The judge also denied Lennar’s request to overturn Measure X, a November 2020 referendum banning development of open space without voter approval.
“In sum, the evidence presented does not support (Lennar’s) arguments, and it would be improper for this court to supplant the decision of the city council,” a court minute order quoted the judge as saying.
Her court ruling may have ended Lennar’s $100 million lawsuit against the city.
But it isn’t Lennar’s last word in the developer’s eight-year battle to build homes on the city’s 151-acre Westridge Golf Course, once part of the former 915-acre West Coyote oil fields and now surrounded by residential neighborhoods and the Westridge Plaza shopping center.

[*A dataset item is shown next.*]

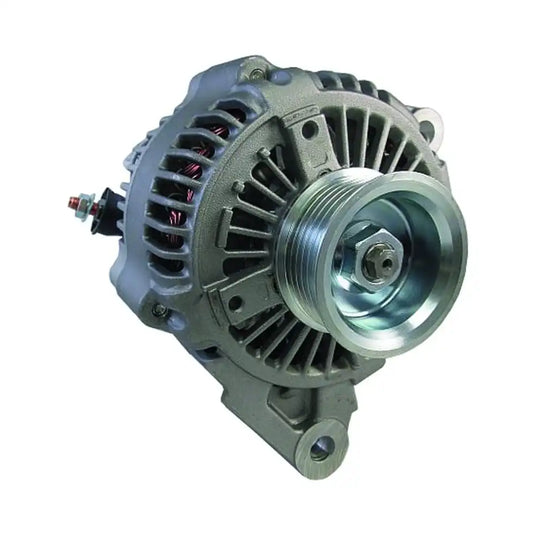 New Alternator Replacement For Dodge Dakota 4.7L 3.7L 2007, Mitsubishi Raider V6 V8 3.7L 4.7L 2007, Jeep Liberty 3.7L 07-09 56041693, 56041693AE, 56041693AD, 1210004630, 1210004620, AND0503, 40052248 - Electrical Parts > Alternator from MyMROmarts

Companies later acquired by Lennar filed a plan in 2015 to build 448 homes, including 277 houses and 171 townhomes. The initial plan, dubbed Rancho La Habra, would include more than 80 acres of open space, parks and trails. The latest plan had 46 acres of open space.
In January, Lennar exploited La Habra’s failure to adopt a state-approved housing plan on time by filing what appears to have been Orange County’s first “builder’s remedy” application.
Except this time, it planned to build an even larger development of 530 homes.
The new application has 82 more housing units than the former plan — and now includes 110 low-income apartments, enough to meet the 20-percent threshold needed for approval under a 1990 state housing law known as builder’s remedy.
If Lennar applies under that rule, La Habra would become the first city in the county to face a builder’s remedy application like those filed in Santa Monica, Redondo Beach and Beverly Hills.
Under the state’s three-decade-old Housing Accountability Act, builders can skirt city council review in cities or counties without state-approved “Housing Elements,” provided they include a minimum of affordable housing and comply with environmental laws.
If 20 percent of the homes are for low-income households or all the homes are for moderate-income residents, such plans must be approved even when they conflict with local zoning and the city’s general plan.
At the time, La Habra was one of 110 Southern California governments without an approved Housing Element, which cities and counties were supposed to adopt by October 2021. The city’s housing plan won state approval, but not until last April — three months after Lennar’s builder’s remedy application and 18 months after it was due.